* PROBLEM DETAILS:
Once you find the line with "Käytetty Volvo XC60", transcribe it and all the lines that follow to the end of the data, exactly as written; skip any pictures.

* INFORMATION PROVIDED:

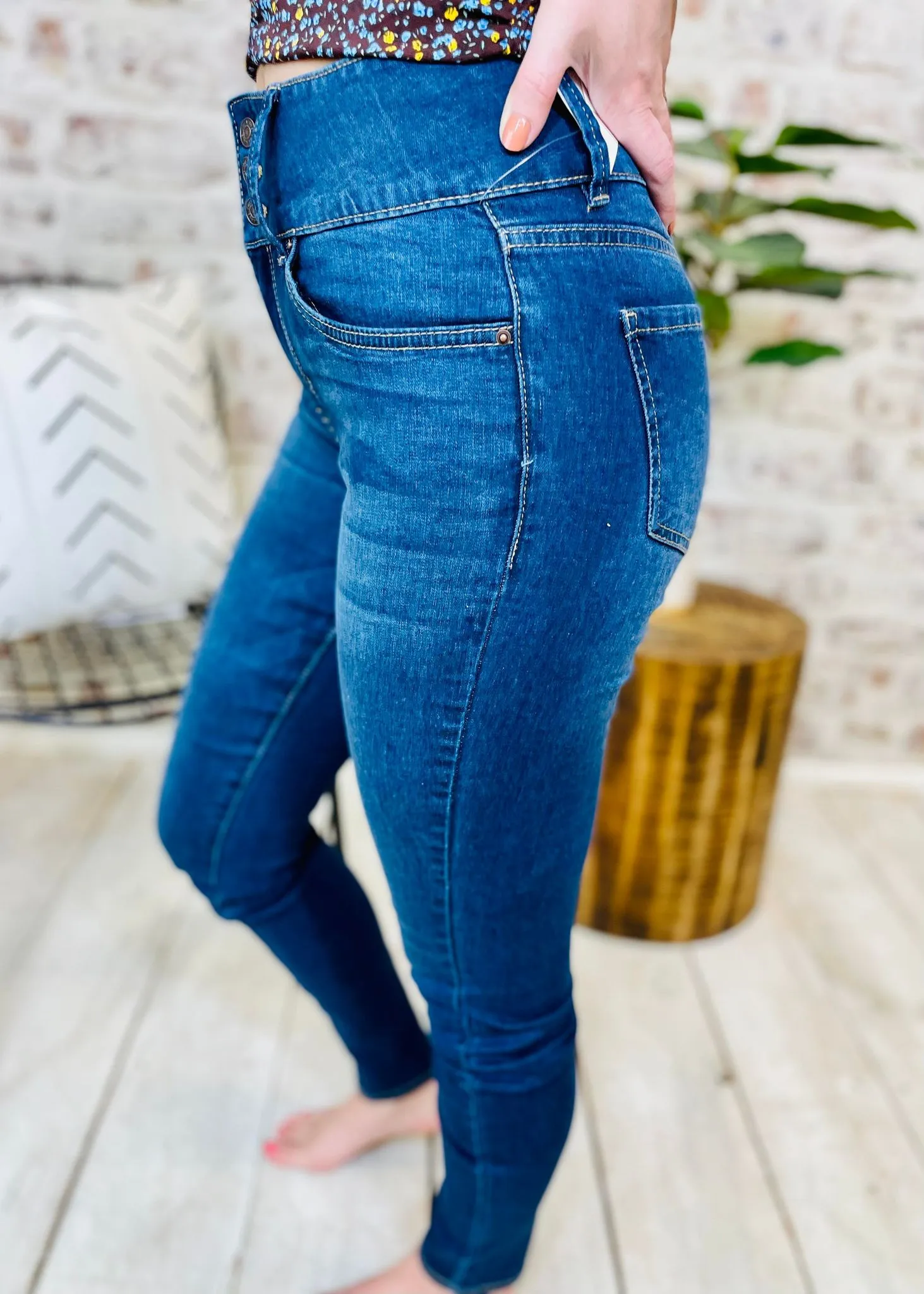 3 Button High-Rise Skinny Jeans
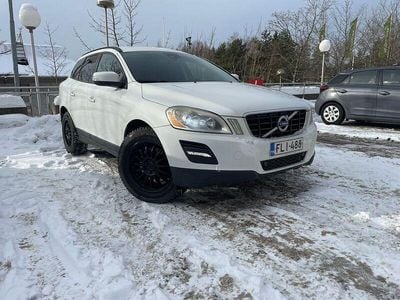 Käytetty Volvo XC60 Momentum 163 HP (119 kW) 2009 Katumaasturi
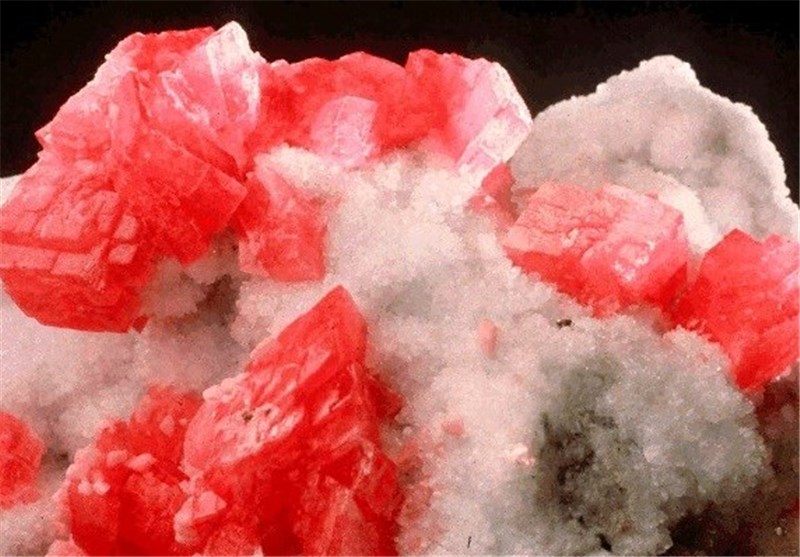 ظرفیت فرآوری کانی‌های صنعتی برای ایجاد اشتغال در کشور به‌کارگیری شود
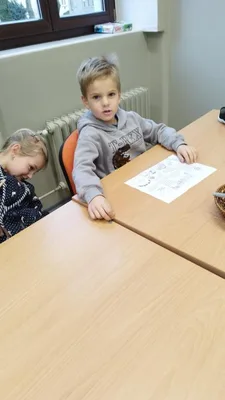 Zvonečkem jsme Vánoce přivolali a příběhem v mini knize se s nimi pro změnu loučíme., 4. 1. 2024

* WRITTEN ANSWER:
 Käytetty Volvo XC60 Momentum 163 HP (119 kW) 2009 Katumaasturi
 ظرفیت فرآوری کانی‌های صنعتی برای ایجاد اشتغال در کشور به‌کارگیری شود
 Zvonečkem jsme Vánoce přivolali a příběhem v mini knize se s nimi pro změnu loučíme., 4. 1. 2024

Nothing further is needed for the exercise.